Since then, we have had Word 2003, and Word 2007 is just around the corner.  The latest version will use 42 times more RAM and 250 times more disk-space than Word 95.  Assuming that the retail price of the computer on which Word 2007 runs is similar to Word 95, it might be arguable that the 'real' value of the computer is 250 times larger because it can run software with auto-correct smart tags and other unused features.  Indeed, the excessively baroque nature of the programs that it runs might actually have reduced its value to the average user.

Worse, Word is in fact part of a 'baroque network.'  The value of the program is in large part attached to the fact that everyone uses it.  The utility of my word-processing software is considerably reduced if I cannot share files with collaborators.  And if they have Word 2010 while I have Word Jurassic, I will not be able to read their files.  Even if I am happy with the dancing paper clip mis-auto-correcting my text, if my collaborators will settle for nothing less than the dancing Einstein, I had better upgrade.  This might be a particularly significant drain on the productivity of ICT investments in the developing world, where use of advanced applications requiring significant computing power is rare.   But, along with the high failure rates associated with IT projects, the impact of baroque networks may help to account for no-more-than-normal returns to ICT investment in rich countries as well.

Looking at the impact of Internet use in particular, it appears that wholesale e-commerce enabled by the Internet is only a small improvement over the much older technology of Electronic Data Interchange, while retail e-commerce is not a significant improvement over off-line purchasing.  This might help to explain why it is difficult to pick up any impact of e-commerce on macroeconomic indicators.  Meanwhile, the Internet can be a powerful force for productivity at work, but it is also a powerful tool for wasting time.  Internet use at home and at work looks very similar (eBay is the fifth most popular site at home and sixth at work, for example), and this suggests a lot about the major uses of the web at work (at one point in 2005, the top three search terms were "sex", "porn" and "Paris Hilton").  Perhaps 172 million hours a week are wasted in recreational surfing at work in the US.

What does this mean for developing countries?  If the economic impact of the Internet and ICTs more broadly has been muted in the US, this is likely to be even more the case in countries with far lower usage rates.  It appears that wealthy areas with skilled workforces and strong institutions are garnering most of the benefits from new ICT technologies to date.  Overall, rich country evidence is not reassuring for those hoping for an ICT-enabled economic revolution in the developing World.

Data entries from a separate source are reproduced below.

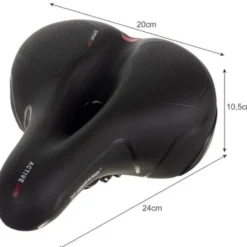 Cykelsadel med sätesskydd och reflex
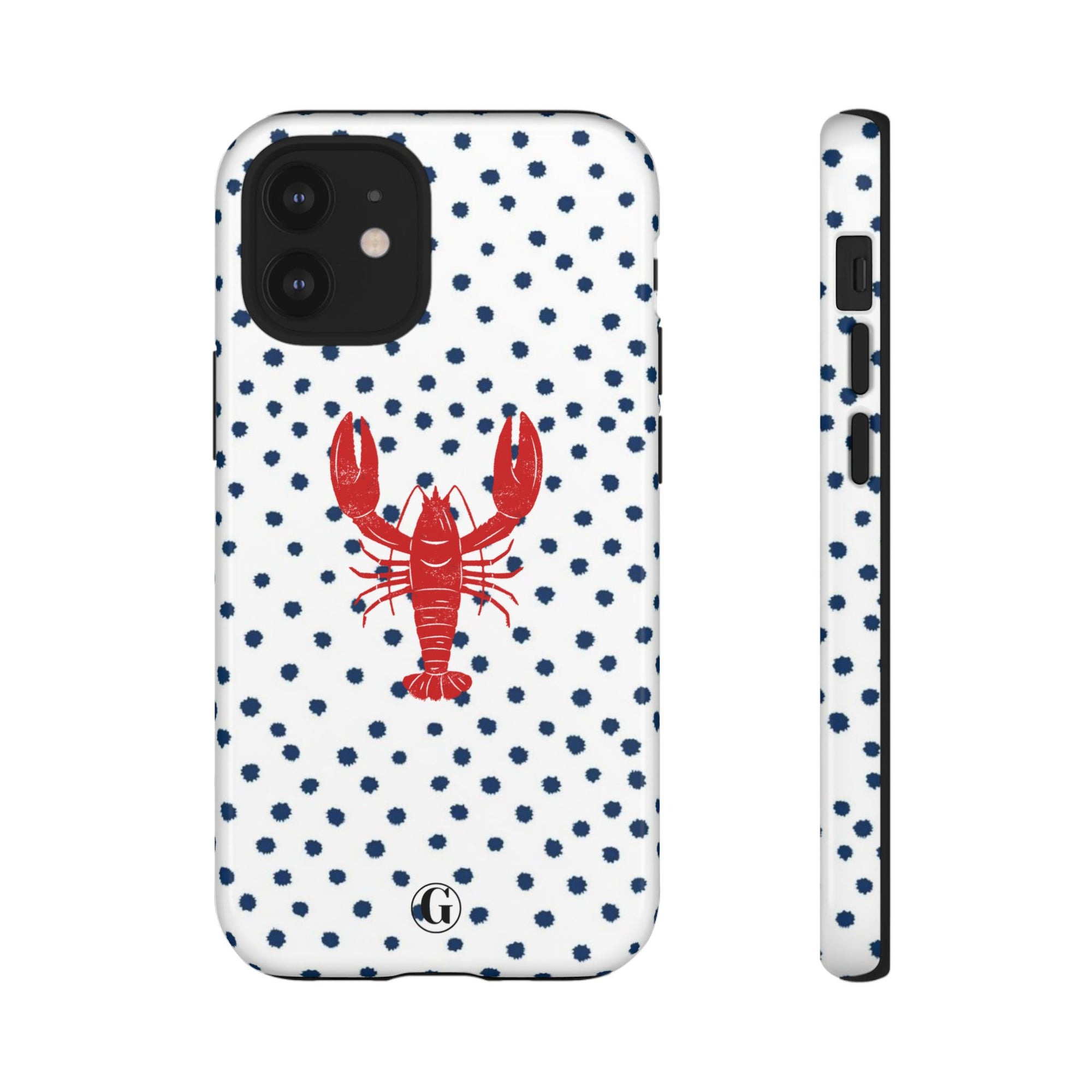 Crawfish on Blue Dots Phone Case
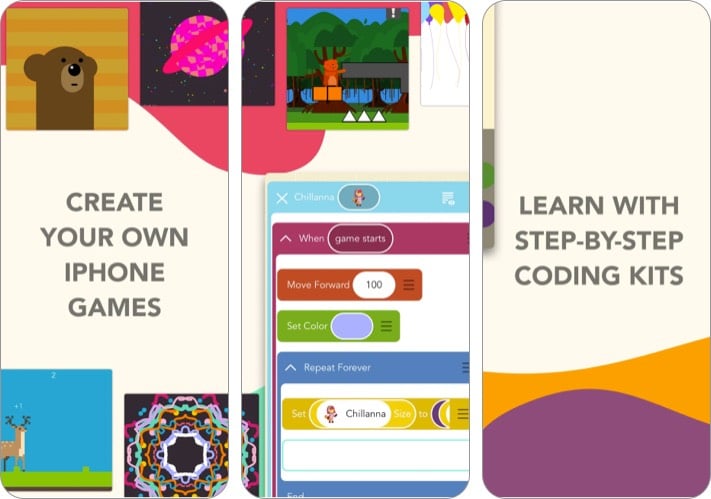 Hopscotch best iPhone coding app for middle school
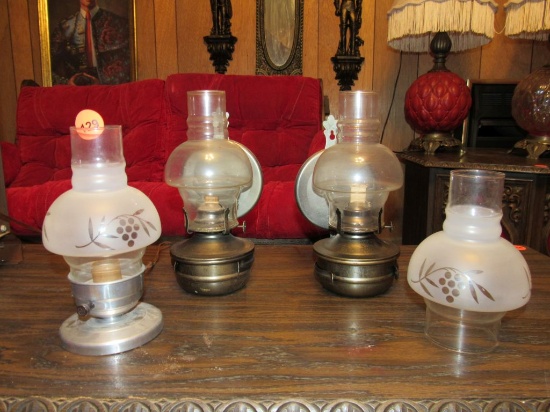 Assorted lamps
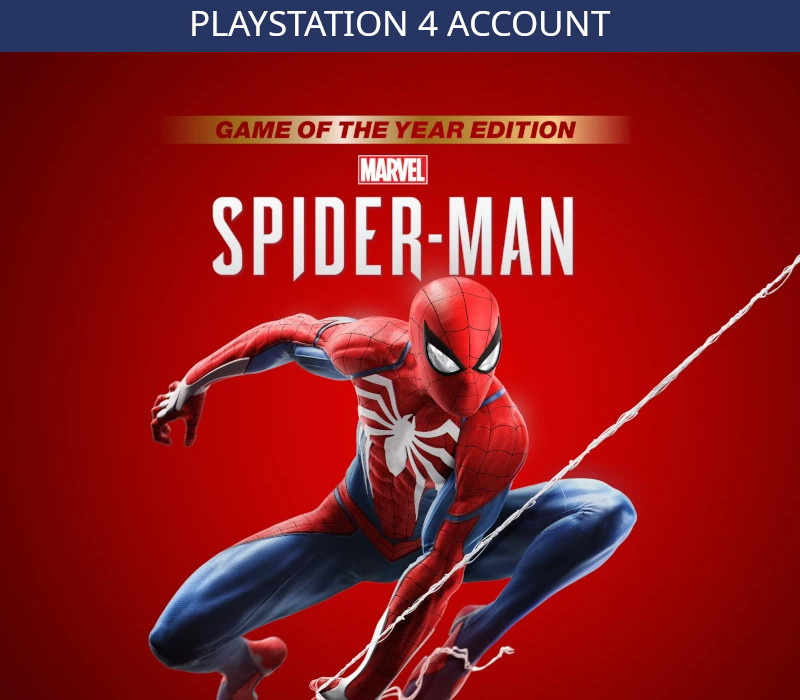 Marvel's Spider-Man GOTY PS4 Account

Overselling the Web Chapter Four: ICT in the Developing World

Chapter Four of Overselling the Web? reports on the rapidly shrinking digital divide.  Already, access in terms of Internet use per dollar of GDP is higher in the developing than the developed world.  Business use in particular is reaching global ubiquity --even in Kenya, 78 percent of firms use email. This is a strong sign of the significant utility of the new technology to business in the developing world. A gap remains, however, in the use of advanced applications --e-commerce, for example.  Some developing country firms are making good money through e-commerce applications.  Most, however, limit Internet use to email, seeing little benefit in a more aggressive Internet strategy.  The most significant problem isn't infrastructure but the broader climate for exploiting advanced applications, well illustrated by Mike Dertouzos' experience in Nepal:

...a few of us techies got together with a colleague from Nepal, fully expecting to boost his nation's economy by 20 percent through clever use of the information marketplace. Unfortunately, we quickly found out that even if we got the communications, hardware, software and training for free, we would still fall short of our goal: Only 27 percent of the Nepalese are literate. And of these, only a small fraction speak English. When we asked what services that smaller group could offer, we hit a brick wall. Many are not skilled, and those who are are already busy running their nation's businesses. Maybe we were too ambitious when we envisioned a future workforce in Nepal selling office services to New York and London via the Web. What if we focused instead on selling Nepal's famous crafts, like custom-made rugs, on the Web? That got us into all sorts of other concerns about establishing trust among distant buyers and distributing the goods. The potential of the modern information age seemed overshadowed at every turn by the ancient forces that separate the rich from the poor.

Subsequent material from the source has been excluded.